In other news, I fixed some of the shudder during braking with the disc brakes in front. I could not tell before for some reason, but when I stopped to bang at the headset again today, I found that the cone nuts on the axle/hub in front were not fully seated, so the whole wheel had some left/right play/wobble. Not very much, but enough to feel it rocking the tire left/right. While still on the sidewalk, I stuck the FF MC helmet under the bike near the cranks to hold the front end up, then took the wheel off and adjusted the cone nuts, whcih when put back on fixed the worst of the brake shudddering--there is still some because of the headset looseness, but it is not as bad.
Befoe, it would rattle around during all braking. Now it is only during light to moderate braking, while modulating the brakes to slow rather than stop. Worst druing right turns. Heavy sudden braking fully locks up the headset into it's rear-dragged position, so it doesn't have a shudder problem.
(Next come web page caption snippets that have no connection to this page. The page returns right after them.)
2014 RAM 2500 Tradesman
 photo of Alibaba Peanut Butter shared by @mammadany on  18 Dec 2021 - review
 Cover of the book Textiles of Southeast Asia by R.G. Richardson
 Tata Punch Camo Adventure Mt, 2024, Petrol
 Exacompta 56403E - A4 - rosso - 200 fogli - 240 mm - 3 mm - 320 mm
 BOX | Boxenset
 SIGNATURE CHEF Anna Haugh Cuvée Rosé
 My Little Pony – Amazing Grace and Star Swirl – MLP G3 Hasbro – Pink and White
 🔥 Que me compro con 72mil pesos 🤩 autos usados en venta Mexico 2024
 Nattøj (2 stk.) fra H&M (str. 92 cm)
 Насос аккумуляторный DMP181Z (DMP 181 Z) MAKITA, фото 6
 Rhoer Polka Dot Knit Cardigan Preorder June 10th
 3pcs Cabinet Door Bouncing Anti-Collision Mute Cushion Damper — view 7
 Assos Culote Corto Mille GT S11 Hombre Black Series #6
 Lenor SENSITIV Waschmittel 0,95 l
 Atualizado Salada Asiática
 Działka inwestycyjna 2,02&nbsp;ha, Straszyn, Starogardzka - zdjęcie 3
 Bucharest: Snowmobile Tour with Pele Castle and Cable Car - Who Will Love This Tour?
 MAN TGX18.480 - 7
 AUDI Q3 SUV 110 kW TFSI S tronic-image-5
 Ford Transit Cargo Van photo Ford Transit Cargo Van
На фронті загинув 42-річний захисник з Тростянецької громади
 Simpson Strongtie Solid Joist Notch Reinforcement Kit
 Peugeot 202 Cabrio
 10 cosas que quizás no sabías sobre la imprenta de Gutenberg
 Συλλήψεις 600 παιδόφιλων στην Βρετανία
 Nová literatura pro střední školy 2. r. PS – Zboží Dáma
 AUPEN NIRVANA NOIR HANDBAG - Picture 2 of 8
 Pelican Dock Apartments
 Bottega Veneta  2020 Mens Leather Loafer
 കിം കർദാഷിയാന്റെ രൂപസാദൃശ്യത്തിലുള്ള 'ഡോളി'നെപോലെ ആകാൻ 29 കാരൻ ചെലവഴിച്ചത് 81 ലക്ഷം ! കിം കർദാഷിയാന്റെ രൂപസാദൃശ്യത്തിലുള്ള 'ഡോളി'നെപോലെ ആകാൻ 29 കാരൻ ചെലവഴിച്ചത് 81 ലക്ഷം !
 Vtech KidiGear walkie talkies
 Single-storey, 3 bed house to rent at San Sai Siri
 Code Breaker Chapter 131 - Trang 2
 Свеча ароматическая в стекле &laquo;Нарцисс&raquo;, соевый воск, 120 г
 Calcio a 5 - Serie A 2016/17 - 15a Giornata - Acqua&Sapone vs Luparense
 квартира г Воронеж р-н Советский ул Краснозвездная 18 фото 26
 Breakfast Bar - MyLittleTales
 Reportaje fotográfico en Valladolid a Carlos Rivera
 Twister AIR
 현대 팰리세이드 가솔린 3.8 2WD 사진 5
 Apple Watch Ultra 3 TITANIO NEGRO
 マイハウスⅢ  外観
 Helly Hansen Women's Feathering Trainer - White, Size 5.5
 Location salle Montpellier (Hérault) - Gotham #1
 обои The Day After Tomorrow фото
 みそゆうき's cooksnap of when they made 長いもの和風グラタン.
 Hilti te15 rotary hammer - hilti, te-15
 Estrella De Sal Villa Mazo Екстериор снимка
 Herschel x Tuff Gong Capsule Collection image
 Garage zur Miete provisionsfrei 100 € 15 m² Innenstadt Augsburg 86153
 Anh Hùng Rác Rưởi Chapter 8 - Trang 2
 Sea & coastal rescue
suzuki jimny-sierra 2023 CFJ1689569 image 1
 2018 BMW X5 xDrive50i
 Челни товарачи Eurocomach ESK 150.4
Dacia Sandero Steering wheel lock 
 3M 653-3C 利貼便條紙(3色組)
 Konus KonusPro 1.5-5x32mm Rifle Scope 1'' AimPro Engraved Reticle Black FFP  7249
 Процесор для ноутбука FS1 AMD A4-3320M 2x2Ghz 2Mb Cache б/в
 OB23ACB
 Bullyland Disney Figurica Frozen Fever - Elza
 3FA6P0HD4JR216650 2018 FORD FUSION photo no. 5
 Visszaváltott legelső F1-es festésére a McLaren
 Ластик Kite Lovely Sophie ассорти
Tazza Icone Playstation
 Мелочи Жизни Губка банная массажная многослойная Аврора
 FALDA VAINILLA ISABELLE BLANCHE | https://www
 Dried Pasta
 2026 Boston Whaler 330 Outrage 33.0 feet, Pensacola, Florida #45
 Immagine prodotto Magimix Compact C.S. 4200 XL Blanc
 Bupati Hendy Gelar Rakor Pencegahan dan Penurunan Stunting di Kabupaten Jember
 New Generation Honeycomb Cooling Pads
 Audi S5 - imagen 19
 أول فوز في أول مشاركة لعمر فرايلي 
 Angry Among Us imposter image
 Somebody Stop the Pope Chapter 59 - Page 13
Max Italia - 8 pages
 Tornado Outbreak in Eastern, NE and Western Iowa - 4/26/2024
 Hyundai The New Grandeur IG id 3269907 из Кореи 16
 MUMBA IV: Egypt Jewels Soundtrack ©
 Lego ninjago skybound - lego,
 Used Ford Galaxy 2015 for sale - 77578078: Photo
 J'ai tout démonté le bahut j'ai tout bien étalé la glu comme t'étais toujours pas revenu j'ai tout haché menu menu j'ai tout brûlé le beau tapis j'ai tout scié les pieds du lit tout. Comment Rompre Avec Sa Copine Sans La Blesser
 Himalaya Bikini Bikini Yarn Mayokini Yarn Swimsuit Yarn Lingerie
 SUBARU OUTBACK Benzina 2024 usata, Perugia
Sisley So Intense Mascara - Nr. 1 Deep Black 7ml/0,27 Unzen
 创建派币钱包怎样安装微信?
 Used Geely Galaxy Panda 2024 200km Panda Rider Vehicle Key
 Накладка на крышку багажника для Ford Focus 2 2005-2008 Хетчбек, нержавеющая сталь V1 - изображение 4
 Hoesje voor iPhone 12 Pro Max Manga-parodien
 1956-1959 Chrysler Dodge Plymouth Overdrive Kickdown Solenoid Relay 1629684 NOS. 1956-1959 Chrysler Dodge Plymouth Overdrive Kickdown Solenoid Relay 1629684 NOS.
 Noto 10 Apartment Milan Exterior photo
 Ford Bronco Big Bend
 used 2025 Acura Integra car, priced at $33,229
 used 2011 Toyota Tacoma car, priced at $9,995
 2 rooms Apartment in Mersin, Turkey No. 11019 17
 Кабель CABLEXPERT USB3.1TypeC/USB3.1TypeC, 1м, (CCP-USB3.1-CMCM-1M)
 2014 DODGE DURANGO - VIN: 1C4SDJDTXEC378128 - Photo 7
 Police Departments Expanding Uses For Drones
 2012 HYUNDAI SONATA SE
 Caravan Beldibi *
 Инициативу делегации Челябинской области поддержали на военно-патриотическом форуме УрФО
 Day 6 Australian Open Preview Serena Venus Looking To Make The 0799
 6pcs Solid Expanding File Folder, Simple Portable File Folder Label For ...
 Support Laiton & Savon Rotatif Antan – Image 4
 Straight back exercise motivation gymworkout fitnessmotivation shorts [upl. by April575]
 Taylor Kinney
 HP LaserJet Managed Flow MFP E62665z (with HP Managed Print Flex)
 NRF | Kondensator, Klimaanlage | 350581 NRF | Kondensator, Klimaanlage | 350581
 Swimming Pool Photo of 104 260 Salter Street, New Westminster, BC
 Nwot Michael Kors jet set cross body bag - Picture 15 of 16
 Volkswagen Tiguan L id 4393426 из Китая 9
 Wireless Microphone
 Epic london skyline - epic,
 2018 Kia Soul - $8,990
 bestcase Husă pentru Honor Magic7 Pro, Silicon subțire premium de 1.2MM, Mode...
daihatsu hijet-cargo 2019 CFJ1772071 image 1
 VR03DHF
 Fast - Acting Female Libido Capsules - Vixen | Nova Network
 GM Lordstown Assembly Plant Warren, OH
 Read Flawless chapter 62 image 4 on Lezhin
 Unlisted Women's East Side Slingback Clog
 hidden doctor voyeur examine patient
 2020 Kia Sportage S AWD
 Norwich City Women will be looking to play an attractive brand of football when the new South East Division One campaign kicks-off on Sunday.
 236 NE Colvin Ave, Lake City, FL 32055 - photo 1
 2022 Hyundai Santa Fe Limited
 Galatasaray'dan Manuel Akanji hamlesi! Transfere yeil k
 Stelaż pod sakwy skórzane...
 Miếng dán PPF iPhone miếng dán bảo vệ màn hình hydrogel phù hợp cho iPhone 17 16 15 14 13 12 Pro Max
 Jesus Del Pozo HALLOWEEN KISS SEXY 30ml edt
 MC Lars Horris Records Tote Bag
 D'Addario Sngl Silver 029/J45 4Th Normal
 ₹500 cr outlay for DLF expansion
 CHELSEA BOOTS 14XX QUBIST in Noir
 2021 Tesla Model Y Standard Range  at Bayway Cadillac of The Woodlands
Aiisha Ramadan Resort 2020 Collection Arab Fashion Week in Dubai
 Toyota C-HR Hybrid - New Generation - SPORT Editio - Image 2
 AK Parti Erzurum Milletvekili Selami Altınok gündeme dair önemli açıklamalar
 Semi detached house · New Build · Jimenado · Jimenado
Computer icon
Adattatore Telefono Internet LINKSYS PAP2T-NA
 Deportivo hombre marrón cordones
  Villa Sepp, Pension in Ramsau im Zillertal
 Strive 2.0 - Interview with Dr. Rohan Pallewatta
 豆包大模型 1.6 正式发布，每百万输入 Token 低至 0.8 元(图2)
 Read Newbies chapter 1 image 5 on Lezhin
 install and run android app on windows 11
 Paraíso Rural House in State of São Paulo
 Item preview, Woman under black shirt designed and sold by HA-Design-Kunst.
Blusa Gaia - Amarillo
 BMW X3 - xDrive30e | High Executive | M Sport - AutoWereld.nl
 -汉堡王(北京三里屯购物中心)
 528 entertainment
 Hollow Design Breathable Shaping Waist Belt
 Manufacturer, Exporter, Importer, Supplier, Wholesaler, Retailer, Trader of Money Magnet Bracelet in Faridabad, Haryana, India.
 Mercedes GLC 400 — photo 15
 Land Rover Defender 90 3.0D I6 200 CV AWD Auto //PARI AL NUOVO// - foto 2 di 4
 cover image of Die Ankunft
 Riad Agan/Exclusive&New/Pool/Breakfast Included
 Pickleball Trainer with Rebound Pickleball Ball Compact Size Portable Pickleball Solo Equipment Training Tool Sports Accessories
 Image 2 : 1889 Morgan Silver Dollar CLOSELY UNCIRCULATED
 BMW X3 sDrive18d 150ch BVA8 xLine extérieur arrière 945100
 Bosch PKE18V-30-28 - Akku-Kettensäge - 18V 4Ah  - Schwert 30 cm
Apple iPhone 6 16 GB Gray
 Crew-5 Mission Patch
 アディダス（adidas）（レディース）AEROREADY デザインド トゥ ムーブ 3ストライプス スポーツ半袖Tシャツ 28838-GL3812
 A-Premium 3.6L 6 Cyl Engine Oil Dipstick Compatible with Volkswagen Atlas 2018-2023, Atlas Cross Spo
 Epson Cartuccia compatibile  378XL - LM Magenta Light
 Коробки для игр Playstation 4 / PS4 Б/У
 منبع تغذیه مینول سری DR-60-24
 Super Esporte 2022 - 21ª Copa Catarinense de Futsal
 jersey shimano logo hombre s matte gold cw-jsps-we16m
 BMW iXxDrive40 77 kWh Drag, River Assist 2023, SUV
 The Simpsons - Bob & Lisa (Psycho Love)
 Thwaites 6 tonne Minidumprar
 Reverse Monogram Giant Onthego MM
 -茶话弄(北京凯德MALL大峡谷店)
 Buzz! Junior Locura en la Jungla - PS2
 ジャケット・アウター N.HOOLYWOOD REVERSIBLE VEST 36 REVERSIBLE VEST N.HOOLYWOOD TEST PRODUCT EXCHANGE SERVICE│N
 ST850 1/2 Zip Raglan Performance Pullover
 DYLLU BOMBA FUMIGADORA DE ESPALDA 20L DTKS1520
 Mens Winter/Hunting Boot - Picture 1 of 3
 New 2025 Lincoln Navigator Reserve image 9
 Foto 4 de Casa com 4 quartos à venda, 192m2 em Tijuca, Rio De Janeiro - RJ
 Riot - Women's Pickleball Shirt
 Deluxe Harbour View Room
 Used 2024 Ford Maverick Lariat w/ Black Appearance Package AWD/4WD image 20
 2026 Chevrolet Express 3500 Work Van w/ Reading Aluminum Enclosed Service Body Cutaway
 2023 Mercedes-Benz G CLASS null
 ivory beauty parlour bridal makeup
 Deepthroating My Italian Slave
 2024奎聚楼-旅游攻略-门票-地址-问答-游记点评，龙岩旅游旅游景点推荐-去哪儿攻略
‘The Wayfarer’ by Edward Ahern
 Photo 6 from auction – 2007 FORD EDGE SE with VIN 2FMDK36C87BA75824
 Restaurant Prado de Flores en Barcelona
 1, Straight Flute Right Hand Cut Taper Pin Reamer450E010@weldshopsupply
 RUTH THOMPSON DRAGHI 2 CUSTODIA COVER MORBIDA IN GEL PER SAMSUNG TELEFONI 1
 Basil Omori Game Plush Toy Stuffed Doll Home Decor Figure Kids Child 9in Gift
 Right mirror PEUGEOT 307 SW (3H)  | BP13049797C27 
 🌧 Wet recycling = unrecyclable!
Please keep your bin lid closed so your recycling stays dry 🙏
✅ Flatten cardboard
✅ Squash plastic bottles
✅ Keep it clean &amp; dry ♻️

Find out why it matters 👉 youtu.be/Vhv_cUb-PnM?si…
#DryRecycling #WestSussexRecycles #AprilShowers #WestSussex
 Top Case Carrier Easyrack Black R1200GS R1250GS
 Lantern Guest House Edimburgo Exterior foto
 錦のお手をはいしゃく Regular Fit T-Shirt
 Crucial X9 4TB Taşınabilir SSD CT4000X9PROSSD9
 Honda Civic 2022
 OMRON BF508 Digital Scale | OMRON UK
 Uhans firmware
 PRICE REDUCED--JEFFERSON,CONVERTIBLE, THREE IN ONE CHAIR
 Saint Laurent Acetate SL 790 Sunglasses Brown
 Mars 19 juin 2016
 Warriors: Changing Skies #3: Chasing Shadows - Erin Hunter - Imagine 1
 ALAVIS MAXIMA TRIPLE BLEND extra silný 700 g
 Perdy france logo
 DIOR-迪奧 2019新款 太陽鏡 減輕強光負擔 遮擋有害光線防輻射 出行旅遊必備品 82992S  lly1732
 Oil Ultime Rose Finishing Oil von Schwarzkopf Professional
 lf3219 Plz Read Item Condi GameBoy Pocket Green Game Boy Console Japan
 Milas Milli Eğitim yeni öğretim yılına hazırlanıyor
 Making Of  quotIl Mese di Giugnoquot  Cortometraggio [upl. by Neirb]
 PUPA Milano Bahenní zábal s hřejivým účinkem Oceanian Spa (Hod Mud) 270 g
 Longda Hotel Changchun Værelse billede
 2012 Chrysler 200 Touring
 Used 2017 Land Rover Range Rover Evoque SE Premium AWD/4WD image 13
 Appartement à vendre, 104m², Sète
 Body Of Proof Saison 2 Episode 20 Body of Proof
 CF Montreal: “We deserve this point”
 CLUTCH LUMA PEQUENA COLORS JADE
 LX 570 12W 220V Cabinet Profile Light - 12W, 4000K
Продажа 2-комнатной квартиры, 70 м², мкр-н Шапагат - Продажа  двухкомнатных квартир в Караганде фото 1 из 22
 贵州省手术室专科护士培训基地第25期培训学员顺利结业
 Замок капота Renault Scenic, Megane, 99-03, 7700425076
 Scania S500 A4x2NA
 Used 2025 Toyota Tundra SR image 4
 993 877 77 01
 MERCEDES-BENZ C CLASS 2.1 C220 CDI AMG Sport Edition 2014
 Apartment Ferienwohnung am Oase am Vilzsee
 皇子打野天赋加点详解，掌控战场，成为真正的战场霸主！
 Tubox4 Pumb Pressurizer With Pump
One other thing I would like to change is the steering ratio. It is too sensitive. I thought I had calculated and measured things to keep it the same as it was before, but apparently not.
As far as your commute goes, is there any reason why you can't just take an entire lane on the road, blatantly, and just let the cars go around? You have awesome lighting and clearly can use a large portion of the lane without causing too much confusion. You might need one of those reflective triangles on the rear like tractors and amish buggies use but it might be totally legal and much easier that way.
It's theoretically legal anyway, depending on road conditions. Whether I get harassed by police about it would depend on whether any pissed off drivers call me in or something, or if the police see lots of cars doing stupid things passing me, and then do what they usually do--remove the slow vehicle from the road rather than catch the idiot drivers and teach them how they *should* pass slow vehicles.
I think if I were to take a whole lane on either Greenway, Bell, or Cave Creek, I'd need to to have one of those super-bright sequential flashing arrows like construction and cleaning vehicles often have. I've considered one before, but if I had to do this commute for another couple of weeks, I'd build one for sure. It's not really needed for most of my riding, as I can usually either stay on slower main streets or on side streets.
I try not to go places where the only option is to go thru roads like CCR, Bell, or GW, which are all 45MPH for most of the length I have to go on, but are the only roads around the mountain, with sidestreets nonexistent for parts of the journey and discontinuous most everywhere else. That makes it impractical to take side streets. Sidewalks are possible but only practical for a small part of teh journey, unless I don't mind taking a significantly longer time to reach my destinations up there. But sidewalks are dangerous unless they have nothing crossing them, and are nice and wide, and in very good condition. None of those is true for most of the sidewalks in the valley, and even when one is true usually the others aren't.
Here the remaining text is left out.